= Otto Henningsen =

American politician (1883–1961)

Otto H. Henningsen (September 15, 1883 – December 22, 1961) was an American politician.

Henningsen was a native of Clinton, Iowa, born on September 15, 1883, to parents Henning and Anna Henningsen. He attended public and business school in his hometown. Henningson then worked for the Peterson–Bell Box Factory, followed by Curtis Bros. & Co. Between 1922 and 1958, Henningsen was involved in insurance and real estate, serving fifteen years as secretary and treasurer for the Clinton real estate board, and seventeen years as secretary and general manager of the Clinton Plate Glass Association.
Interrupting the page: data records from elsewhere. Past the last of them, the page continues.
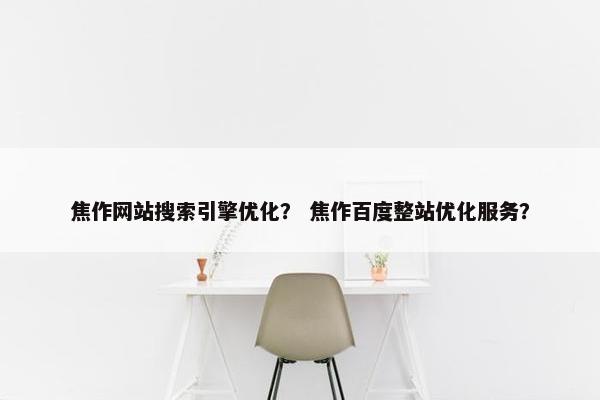 焦作网站搜索引擎优化？ 焦作百度整站优化服务？
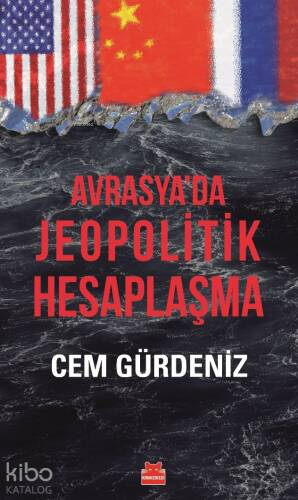 Avrasya’da Jeopolitik Hesaplaşma - 1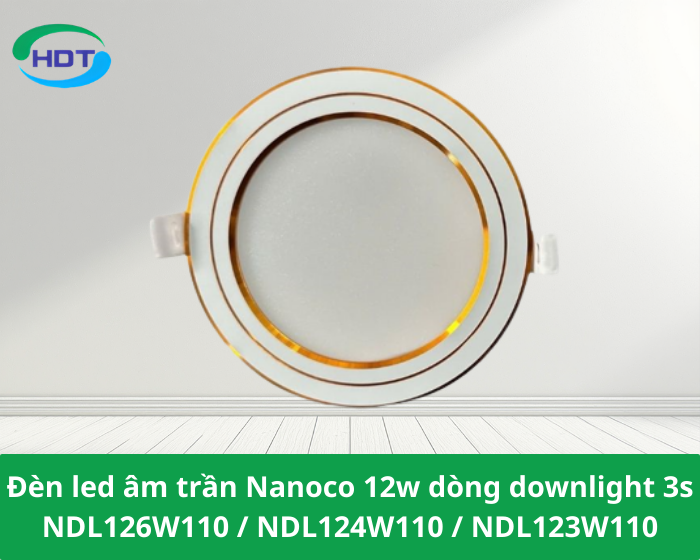 Đèn led âm trần Nanoco 12w dòng downlight 3s NDL126W110 / NDL124W110 / NDL123W110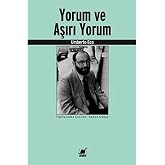 Yorum ve Aşırı Yorum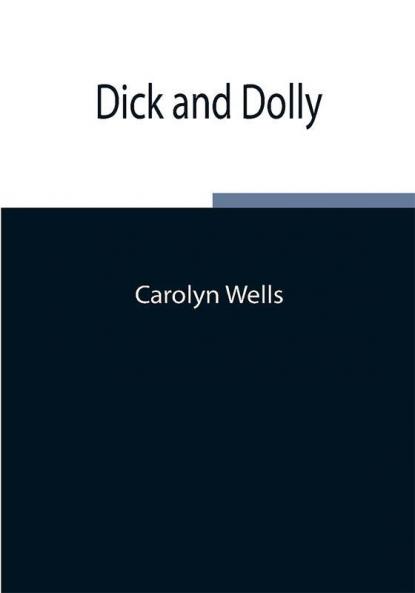 Dick and Dolly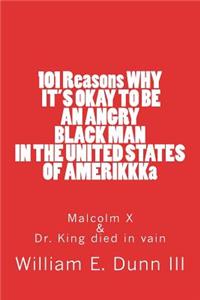 101 Reasons Why It's Okay to Be an Angry Black Man in the United States of Amerikkka
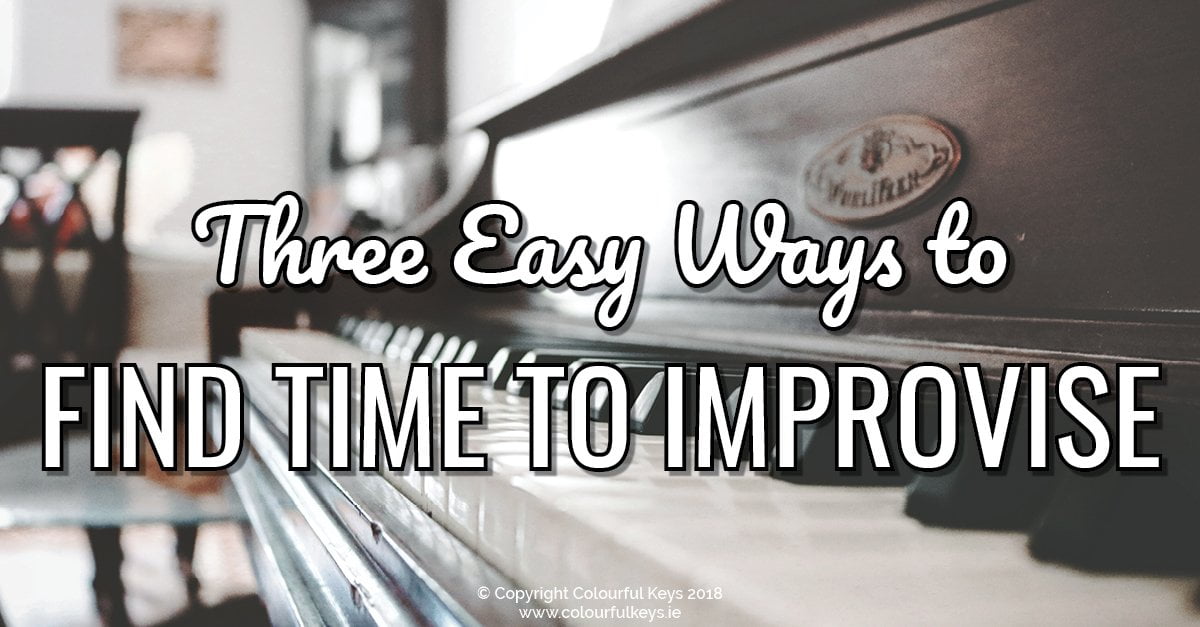 3 Easy Ways to Find Time to Improvise in Your Piano Lessons2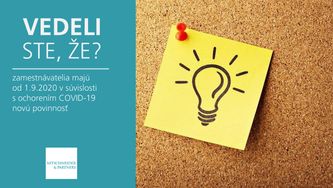 Vedeli ste, že zamestnávatelia majú od 1.9.2020 v súvislosti s COVID-19 novú povinnosť?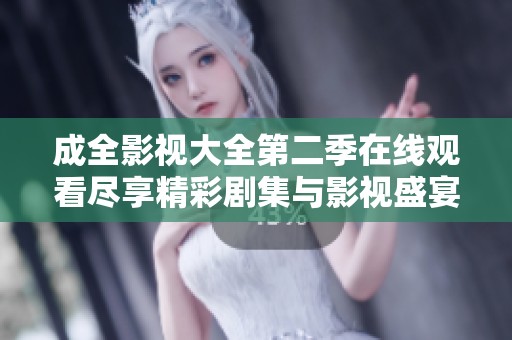 成全影视大全第二季在线观看尽享精彩剧集与影视盛宴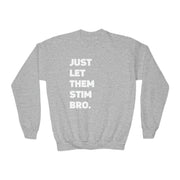 Kids Just Let Them Stim Bro White Text Sweatshirt (Youth Sizing)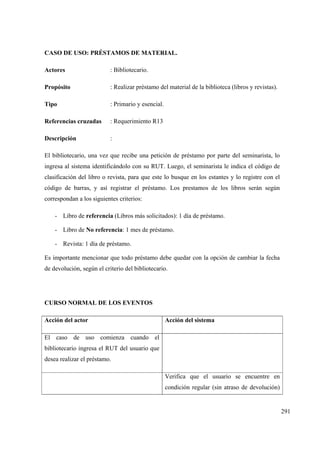 291
CASO DE USO: PRÉSTAMOS DE MATERIAL.
Actores : Bibliotecario.
Propósito : Realizar préstamo del material de la biblioteca (libros y revistas).
Tipo : Primario y esencial.
Referencias cruzadas : Requerimiento R13
Descripción :
El bibliotecario, una vez que recibe una petición de préstamo por parte del seminarista, lo
ingresa al sistema identificándolo con su RUT. Luego, el seminarista le indica el código de
clasificación del libro o revista, para que este lo busque en los estantes y lo registre con el
código de barras, y así registrar el préstamo. Los prestamos de los libros serán según
correspondan a los siguientes criterios:
- Libro de referencia (Libros más solicitados): 1 día de préstamo.
- Libro de No referencia: 1 mes de préstamo.
- Revista: 1 día de préstamo.
Es importante mencionar que todo préstamo debe quedar con la opción de cambiar la fecha
de devolución, según el criterio del bibliotecario.
CURSO NORMAL DE LOS EVENTOS
Acción del actor Acción del sistema
El caso de uso comienza cuando el
bibliotecario ingresa el RUT del usuario que
desea realizar el préstamo.
Verifica que el usuario se encuentre en
condición regular (sin atraso de devolución)
 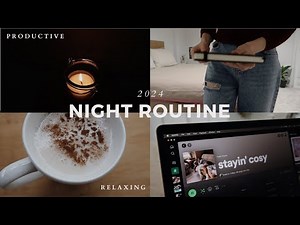MY NIGHT TIME ROUTINE: relaxing, productive, cozy & aesthetic | 2024
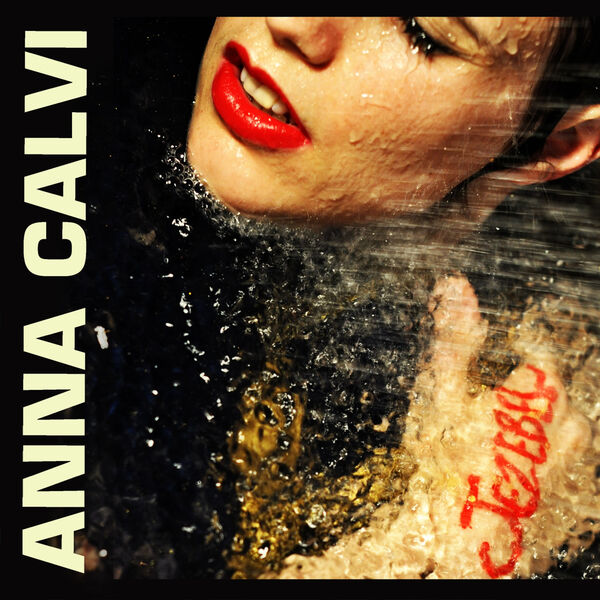 Anna Calvi - Jezebel (Version Française) Anna Calvi - Jezebel (Version Française)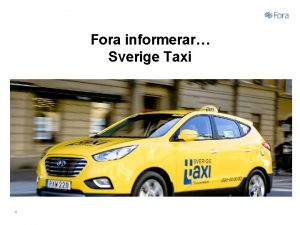 Fora informerar Sverige Taxi 1 2 Pensionssystemet fr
Henningsen held several local offices in Clinton, including city council member from the second ward, for four years, and three years as school board member, including a one-year tenure as board president. He worked for the post office for fourteen years, and in 1932, was appointed postmaster in Clinton by Herbert Hoover, and served in the position for four years. Subsequently, Henningsen was elected to the Iowa Senate from District 22 in 1938, 1942, 1946, and 1950 as a Republican. Henningsen stepped down from the state senate in January 1953, to accept a gubernatorial appointment from William S. Beardsley to the Iowa Board of Parole.

Henningsen married Ethel May Bohart in 1909, with whom he had one son, the astronomer Artemus B. Henningsen. Otto Henningsen died at Jane Lamb Hospital in Clinton on December 22, 1961.